Nifty has been making lower highs and lower lows in the recent weeks. The long bearish engulfing formed on 31st August indicated bearishness and the index corrected as expected in the earlier article. The break of the rising support trend-line that formed since March 2020, contributed to the strength of the corrective structure.
4 weeks on, the market is still in the corrective structure and has not yet broken the resistive trend-line which formed when the market made subsequent lower tops. The recent pullback from 10790 is again facing resistance near 11400-11450 where the trend-line lies now. The 61.8% Fibonacci Retracement of the market downside from 11800 to 10800 also coincides with the 11400 pattern resistance zone. This adds weight to the current downtrend. If the market resumes the downtrend from here on, the ongoing structure of lower high will be intact. For any reversal of this trend, the market needs to break 11600 on the upside decisively with intra-day price action. Any technical correction after the breakout should also not make a lower low by breaching 10800 and should ideally hold above 11100 for further upside strength. In such a bullish scenario, the market can retest 11800. On the contrary, in a bearish scenario, a break of 10800 would lead to further correction till 10550-10600 which acted as a support during the month of July.

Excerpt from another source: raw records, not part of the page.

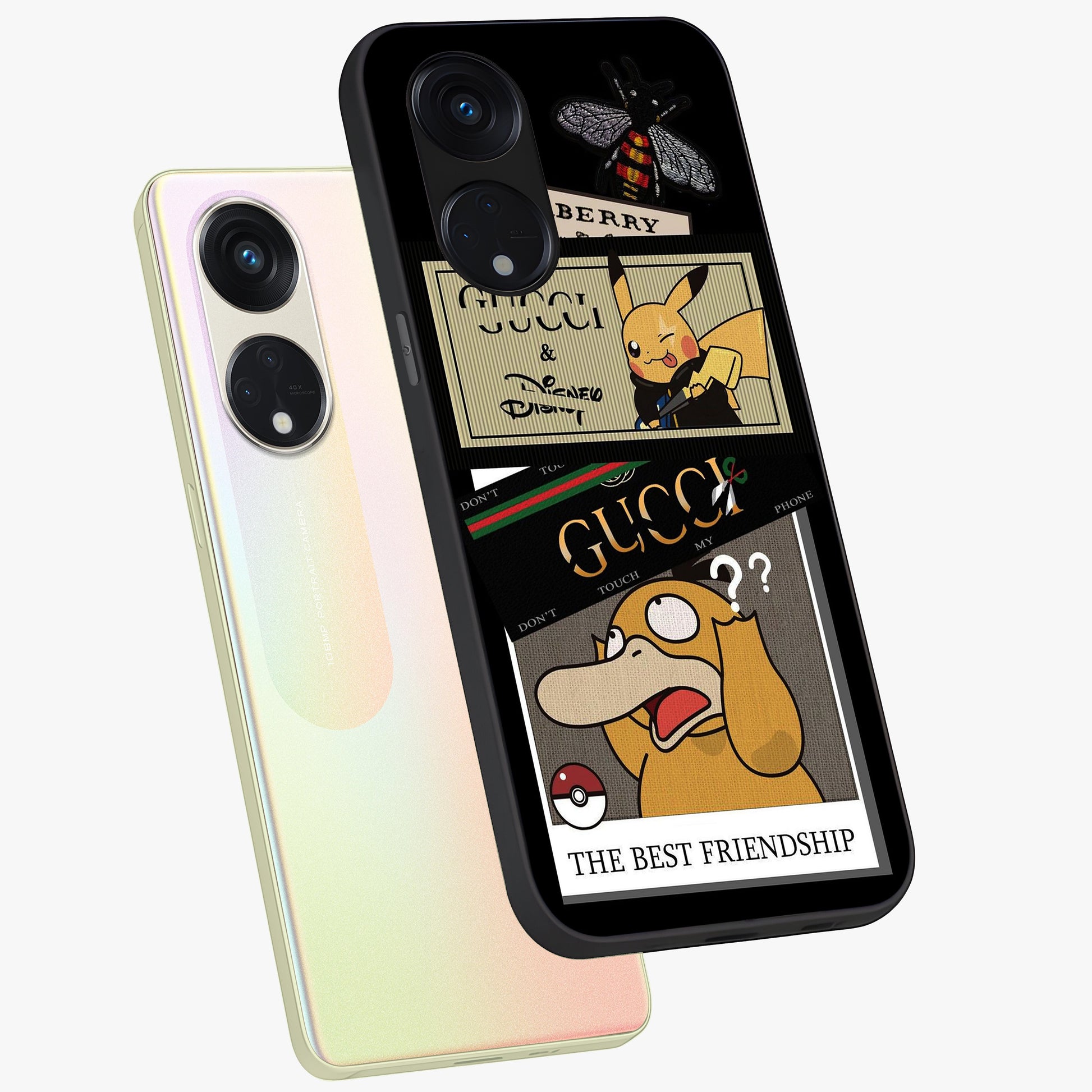 Gucci Play Mashup Glass Case displayed in angled mockup highlighting stylish fashion mashup design with bold aesthetic.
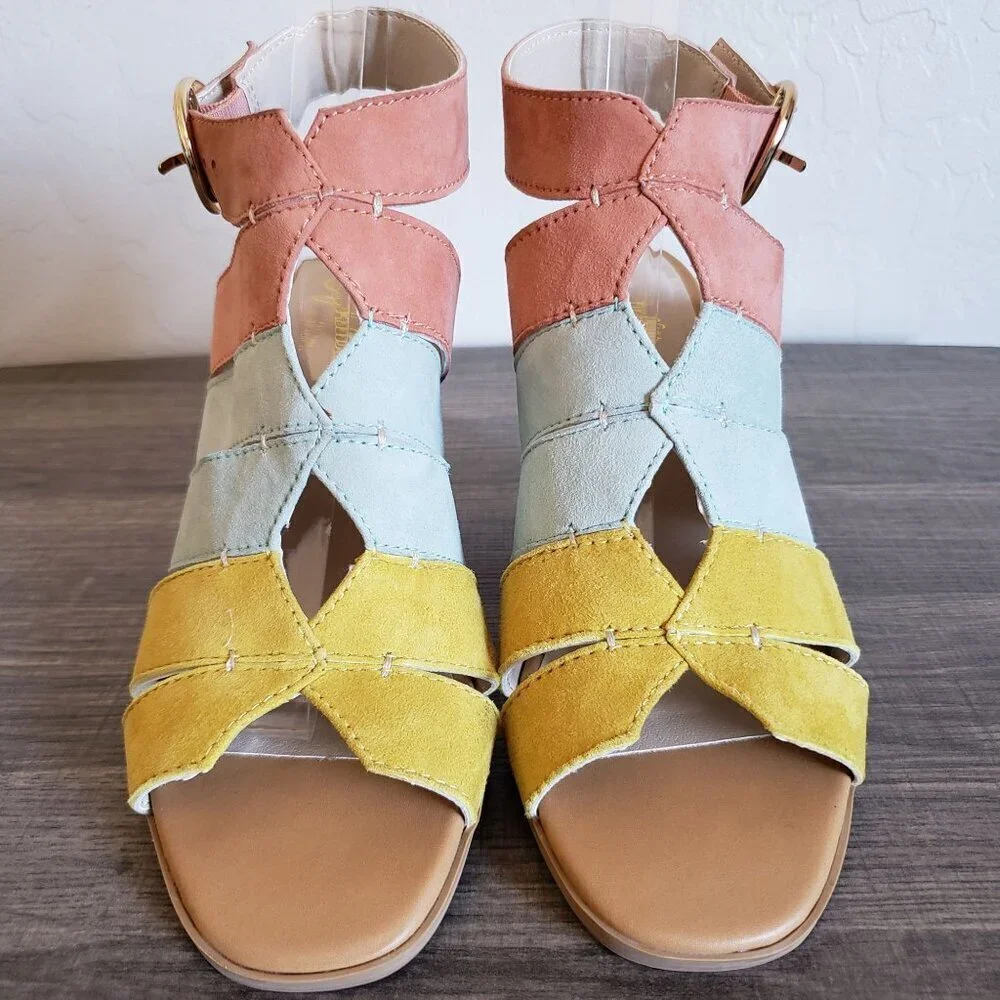 Seychelles Completely Engaged Pastel Suede Sandals Block Heel Multi Women's 7.5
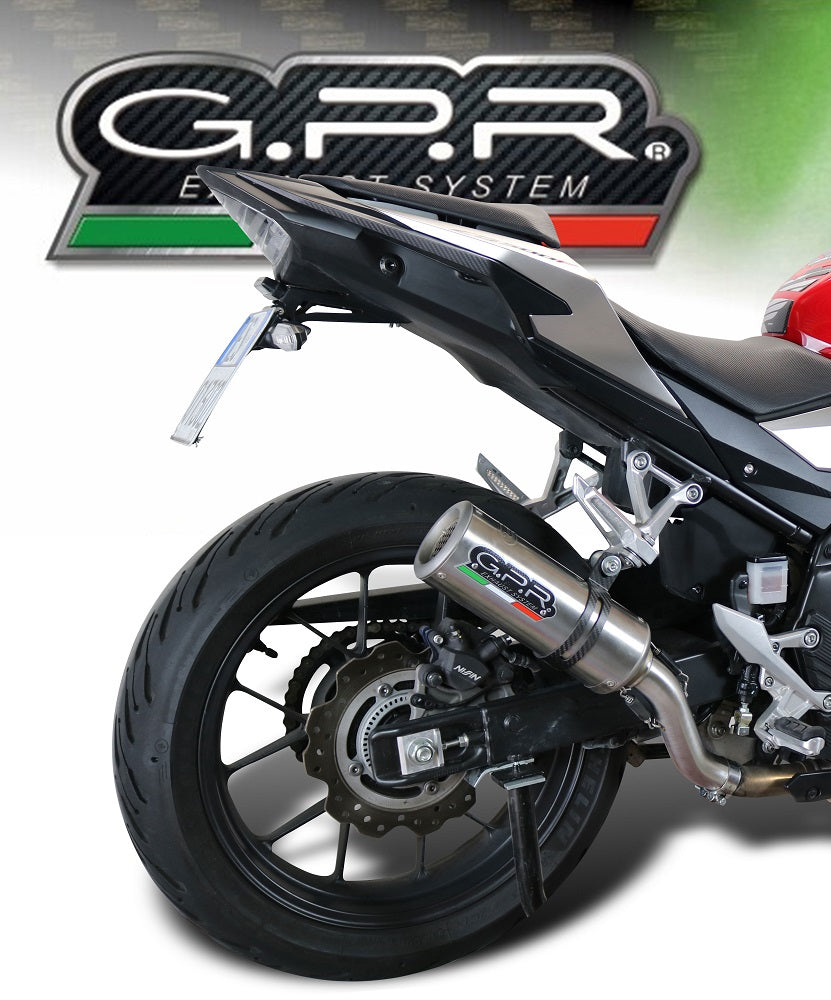 GPR Exhaust System Honda CB500X 2013-2015, M3 Titanium Natural, Slip-on Exhaust Including Removable DB Killer and Link Pipe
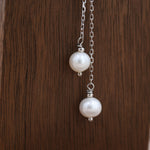 Genuine Pearl Lariat Necklace in Sterling Silver, Silver or Gold , Y Shape, Slider Necklace, Genuine Freshwater Pearls, Pearl Necklace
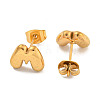 Chunk Letter 304 Stainless Steel Stud Earrings for Women EJEW-G386-01M-G-2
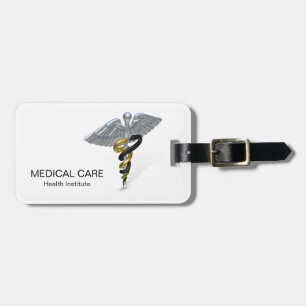 Etiqueta De Bagagem Ouro de prata médico do preto do Caduceus - Tag d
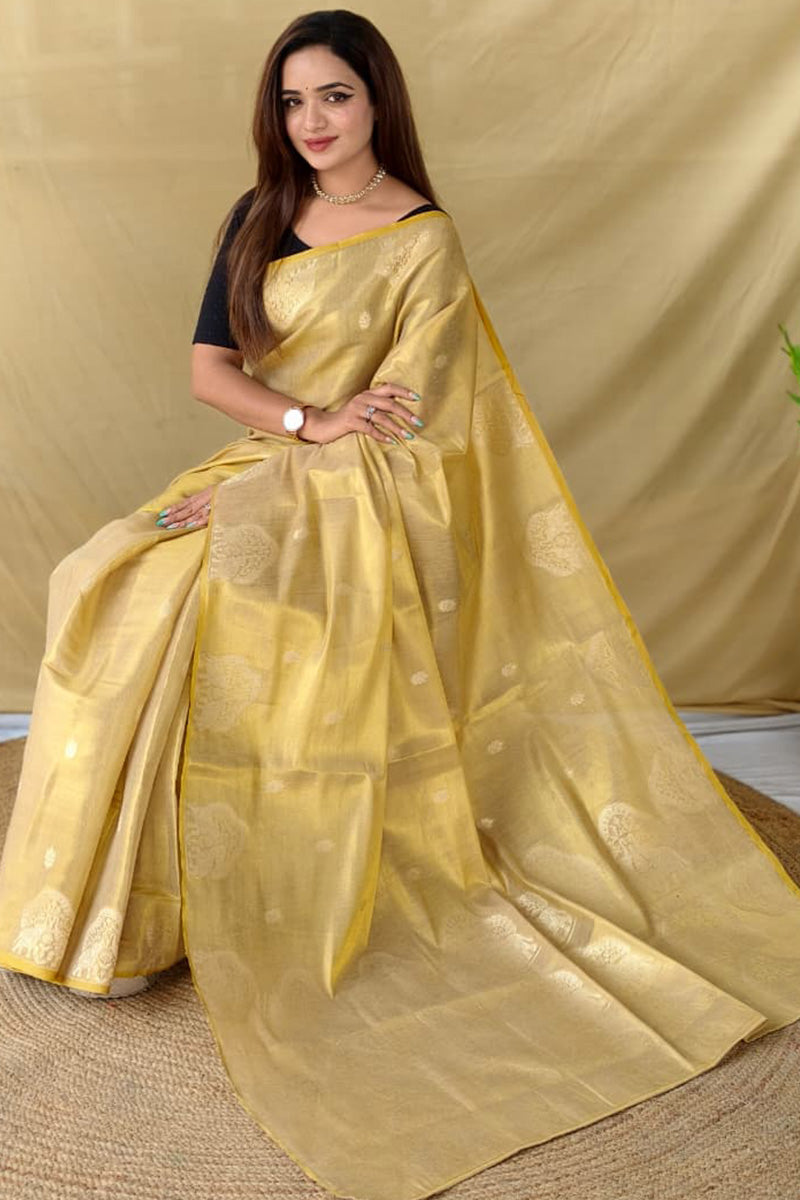 Tequila Beige Banarasi Tissue Silk Saree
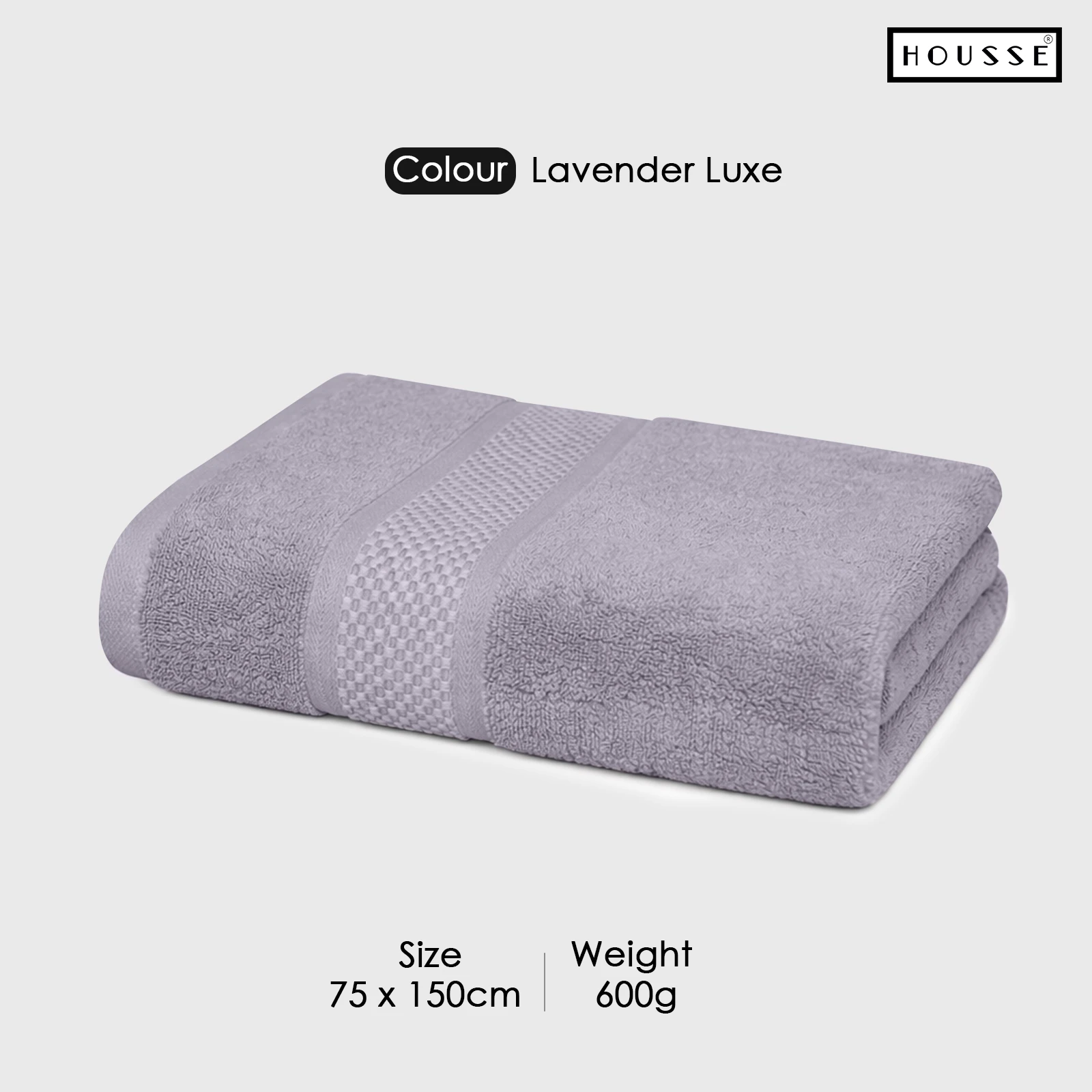 HOUSSE Nexora 100% Pure Cotton 600 GSM Bath Towel 75x150 cm – Extra Large, Ultra Soft, Quick Dry & Highly Absorbent Premium Towel for Home, Travel & Daily Use (Lavender Luxe)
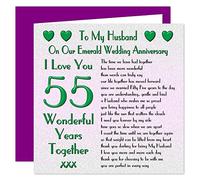 Mi marido 55th aniversario de boda Tarjeta - en nuestro esmeralda aniversario - 55 años - Sentimental verso i love you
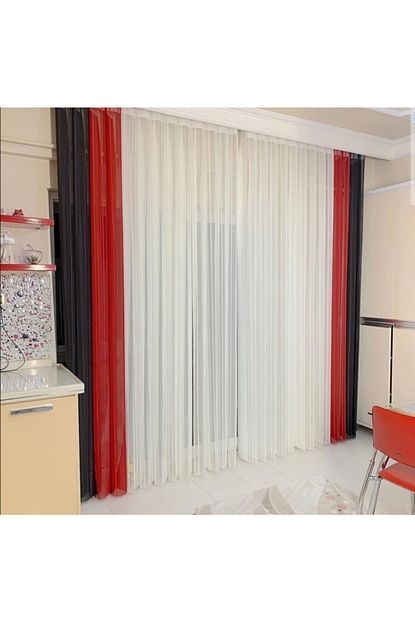Perdelife Tul Dikey Perde 250 260h Beyaz Tul Kirmizi Ve Siyah Fon Trendyol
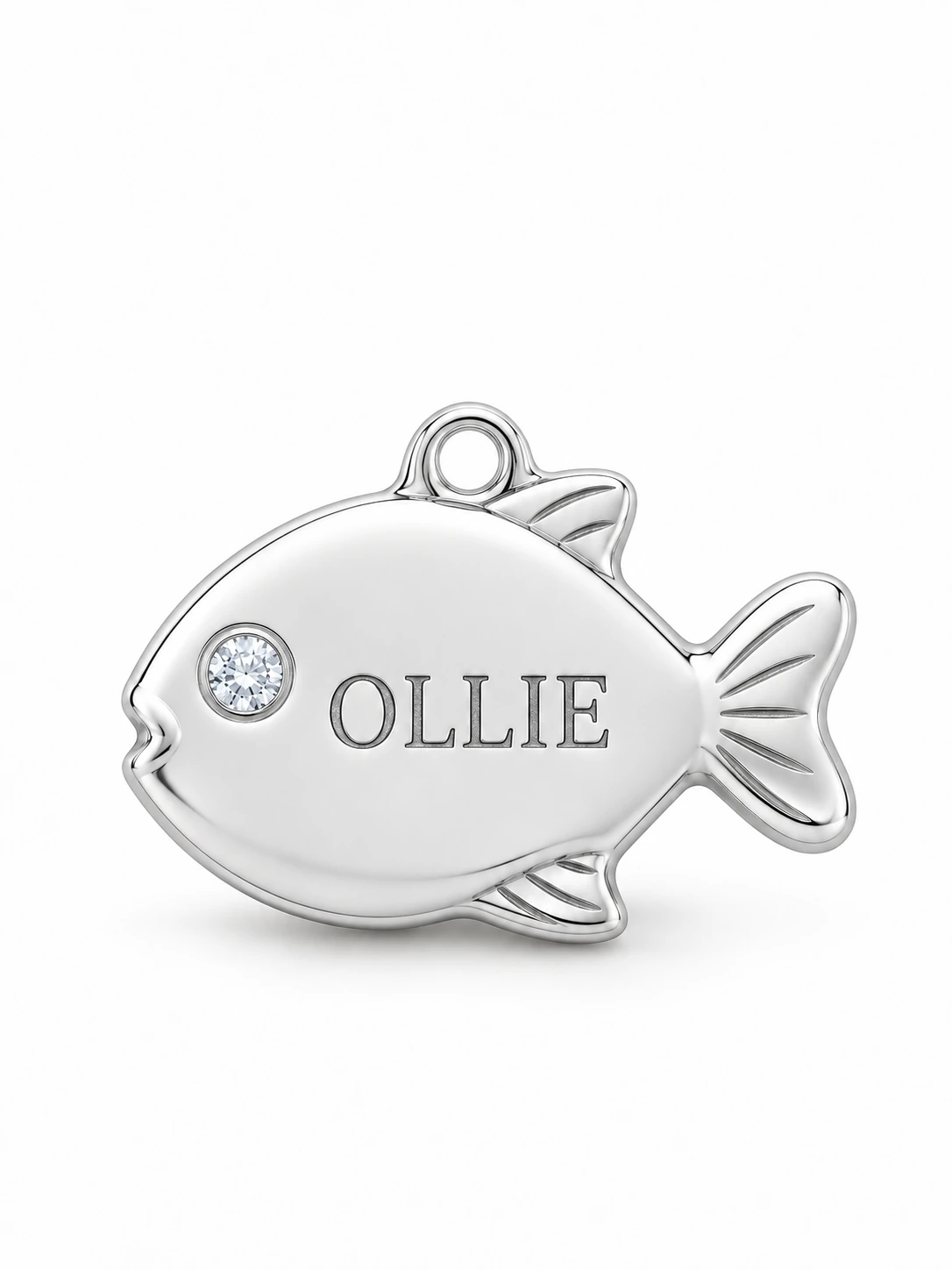 Little Fish Cat Charm — Sterling 925 silver — lab-grown diamond design visualisation — Pet Lover Collection — Victoria Diamonds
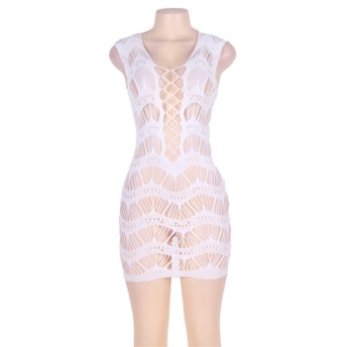  Crocheted Lace Hollow-Out Chemise Dress - XL 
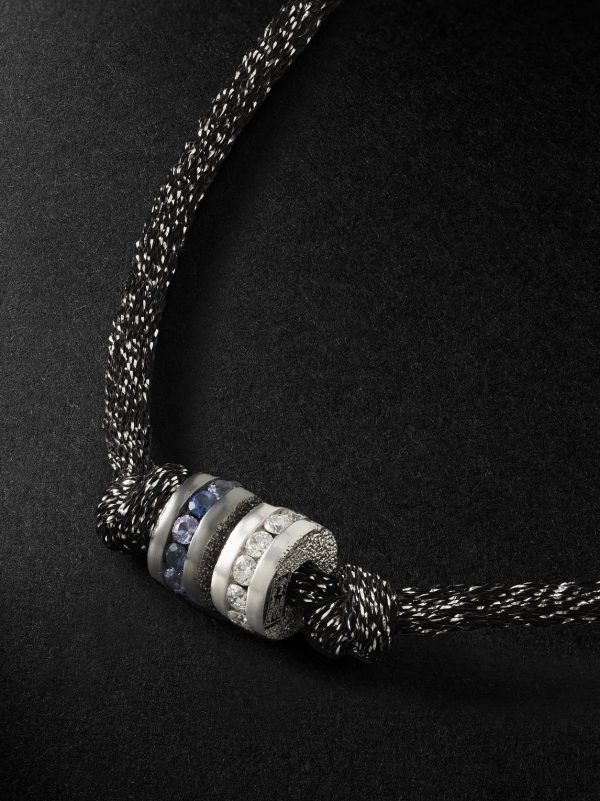 Forte Beads Blackened and White Gold, Sapphire, Diamond and Lurex Necklace - CU Forte Beads Blackened and White Gold, Sapphire, Diamond and Lurex Necklace - CU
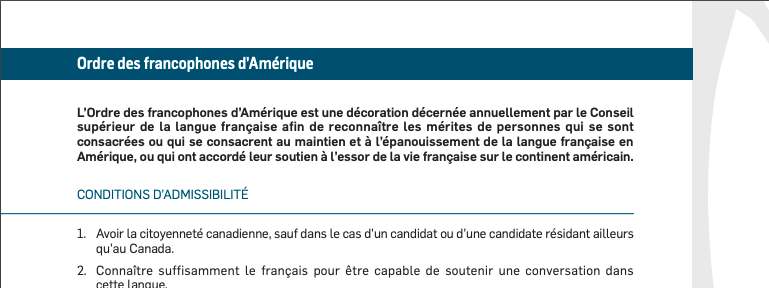 La période de mise en candidature se termine début avril — Source : Conseil supérieur de la langue française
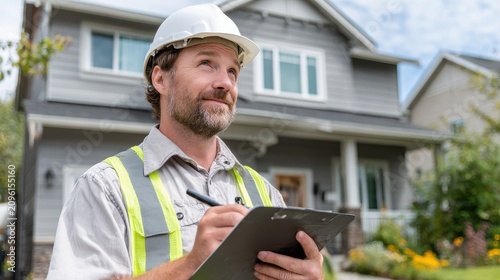 Professional house inspector with white hard hat and clipboard evaluating a property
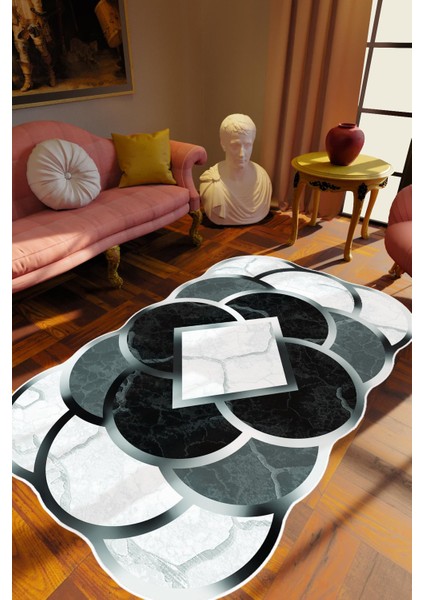 Salon Halısı Klasik Modern Gümüş Gri Beyaz Siyah Kaydırmaz Kesme Yıkanabilir Ince Halı Tüysüz Kilim
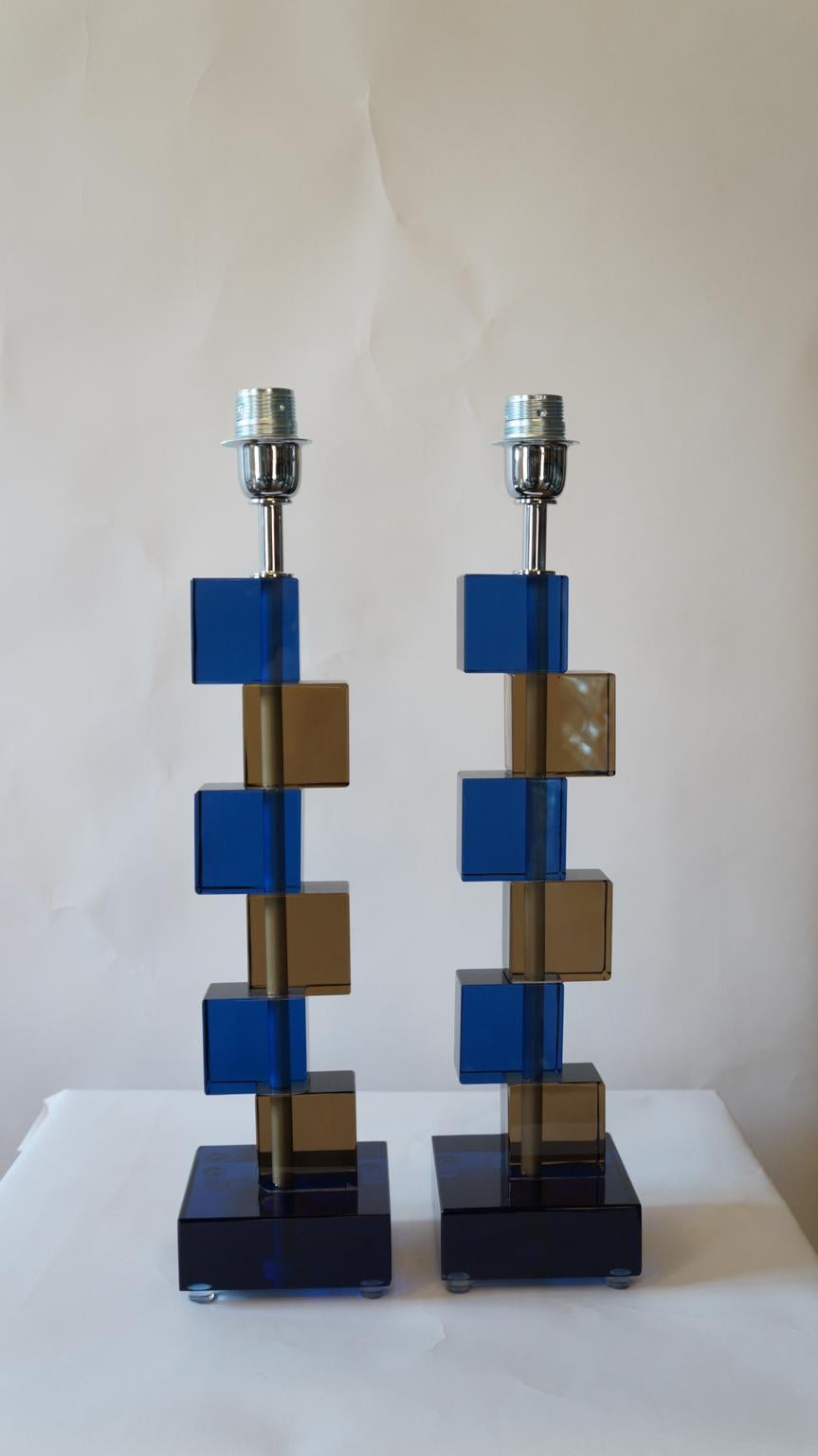 Alberto Donà Mid-Century Modern Blue Smoke Two Murano Glass Table Lamps, 1975 For Sale 9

Alternatively, the index could also get stuck in a range after seeing increased volatility for the month of September. US elections, expectation of stimulus package, RBI moratorium judgement, the military standoff at Ladakh, Spread of COVID and uncertainty of lock-down due to it, are all events which can influence market direction but ones that don't have clarity at the moment. A directional bet on the index could be put on hold by institutions until clarity emerges which adds strength to the possibility of a ranged move in the markets with a band of 10900-11600 for the coming weeks.
September saw a reversal of FII and DII activity. DII after being net sellers since July, supported the markets by absorbing the selling of FII. The buying led to DII closing the month as marginal net buyers while the FII selling was in tune of 11k crore which was instrumental in the market correction. FIIs are beginning to determine the market direction after being subdued since April and need to be watched closely. For the near term, there is significant PUT OI at 11000 strike and CALL OI at 11500 strike, which indicates the range for the coming weeks.